Beringer tells The Times that “it is in the profession’s own interest now to move away from a legalistic approach to a broader business ethics approach”.
Stephen Mayson, a member of the task force and an honorary professor at University College London, adds: “We should not turn a blind eye to solicitors who facilitate or support the movement of illicit wealth on the basis of a disingenuous claim that their professional ethics require them to recognise a ‘right to representation’ or that the ‘best interests’ of their client are paramount.”
Tony Williams, principal at Jomati consultants and a former managing partner at Clifford Chance, supports some of the recommendations, accepting that firms should be “more inquisitive” as to the source of a client’s funds.

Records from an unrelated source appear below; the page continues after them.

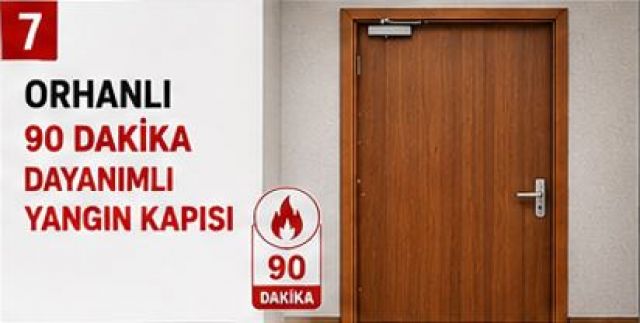 Orhanlı 90 Dakika Dayanımlı Yangın Kapısı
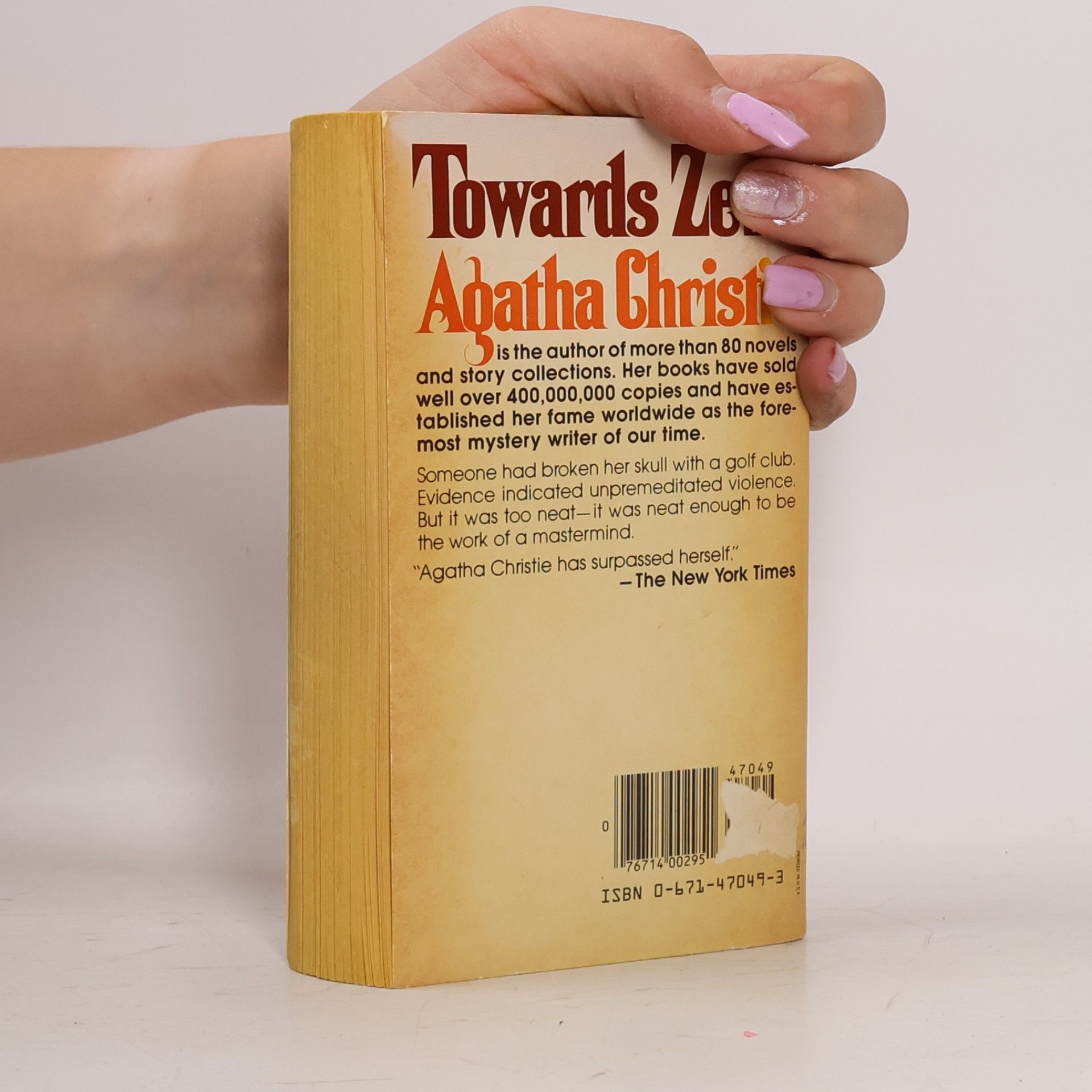 Agatha Christie Towards Zero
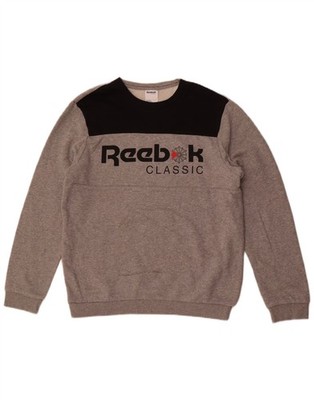Reebok Herren Classic Graphic Sweatshirt Pullover Medium Grau Colourblock AH10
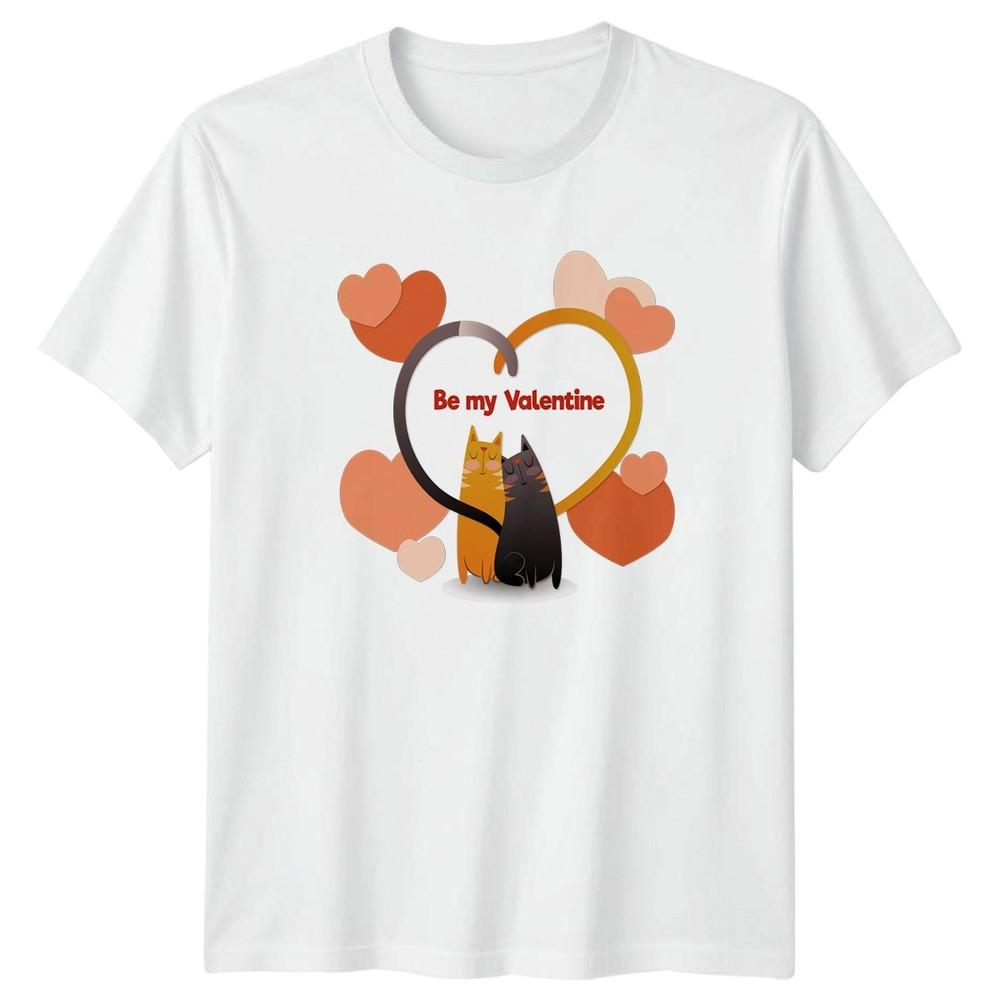 Be My Valentine TShirt Cat Lover RoUnisexce Valentines Day Gift For Him S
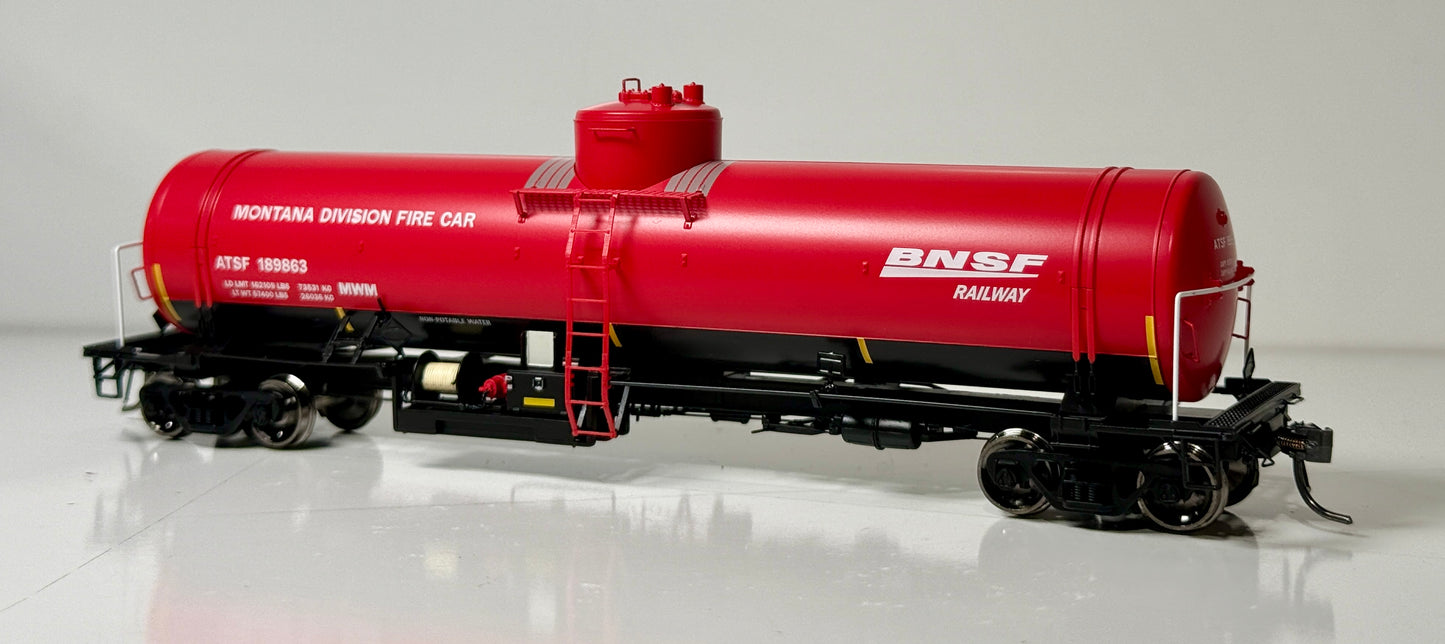 ROKA GACX FIRE SERVICE WATER TANK CAR - BNSF/ATSF "MONTANA DIVISION"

But he insists that the administration of justice requires that individuals — “however odious” — have access to appropriate legal advice and advocacy.

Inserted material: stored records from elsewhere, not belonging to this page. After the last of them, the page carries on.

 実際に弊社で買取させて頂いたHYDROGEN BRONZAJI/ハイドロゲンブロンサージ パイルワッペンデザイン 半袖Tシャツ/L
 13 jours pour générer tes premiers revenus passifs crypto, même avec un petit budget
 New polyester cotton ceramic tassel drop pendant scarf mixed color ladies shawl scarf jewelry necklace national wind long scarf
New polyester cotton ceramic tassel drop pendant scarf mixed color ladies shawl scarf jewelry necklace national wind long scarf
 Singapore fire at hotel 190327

Richard Atkinson, president of the Law Society of England and Wales, also supports firms in their decisions to act for certain clients. “Lawyers have a duty to uphold the rule of law, which includes maintaining access to justice, even if acting for a particular client may not be popular.”
He stresses that “it is imperative that lawyers are not identified with their clients or their clients’ causes”.
Joe Powell, a Labour MP and chair of the all-party parliamentary group on anti-corruption and responsible tax, argues there is a “clear regulatory gap when it comes to legal professionals enabling questionable clients”.
Representing individuals with suspect wealth or links to corruption, he says, “casts a shadow over the entire UK legal system, eroding public trust and political confidence”.